(DATA SHOWN Opens)
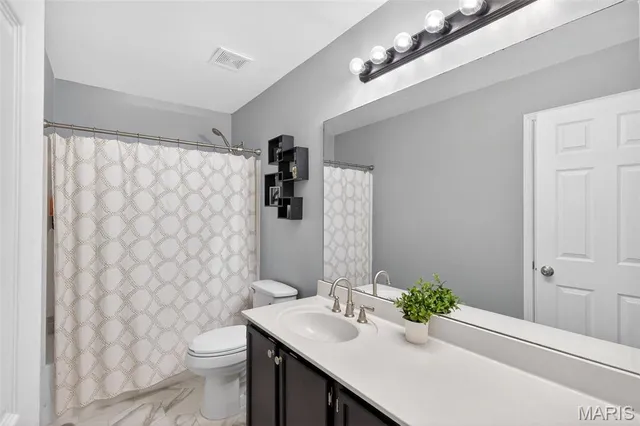 $299,900 | 654 Glenshee Drive, Wentzville, MO 63385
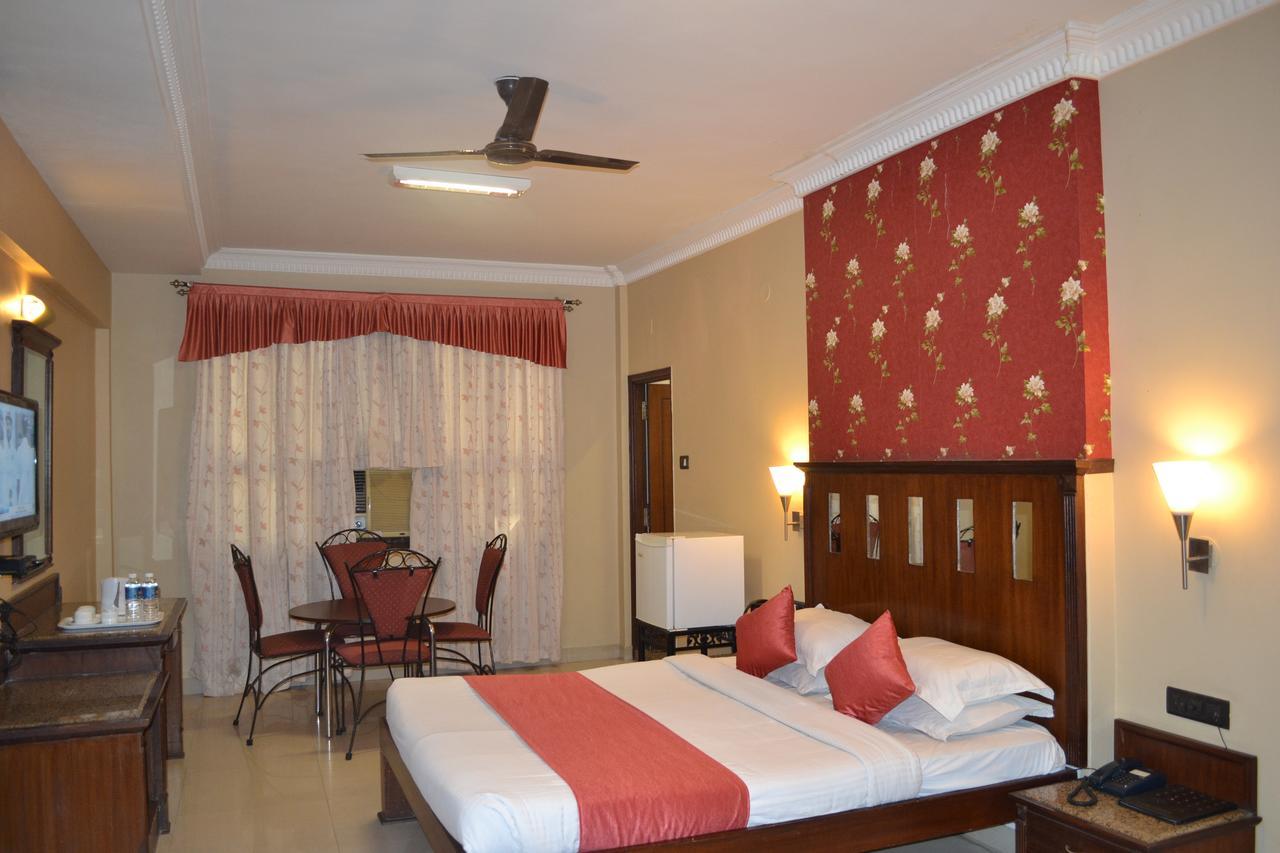 The Club Hotell Bangalore Eksteriør bilde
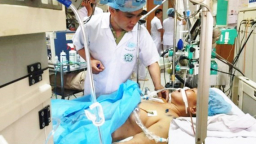 Experts suspect water source caused 8 dialysis deaths at Vietnam hospital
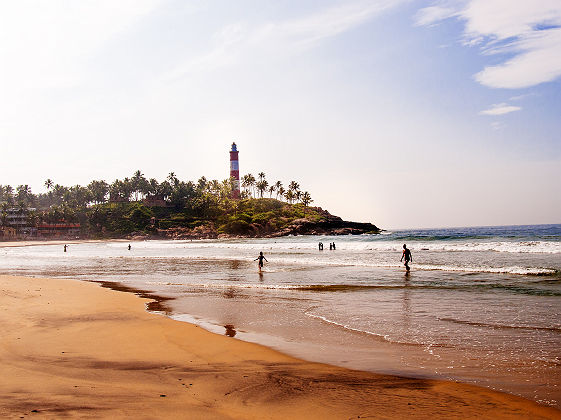 Inde - Vue sur la plage Kovalam avec phare en arrière-plan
(DATA SHOWN Closes)
The whole listing above should be restated word for word, minus any images.

 $299,900 | 654 Glenshee Drive, Wentzville, MO 63385
 The Club Hotell Bangalore Eksteriør bilde
 Experts suspect water source caused 8 dialysis deaths at Vietnam hospital
 Inde - Vue sur la plage Kovalam avec phare en arrière-plan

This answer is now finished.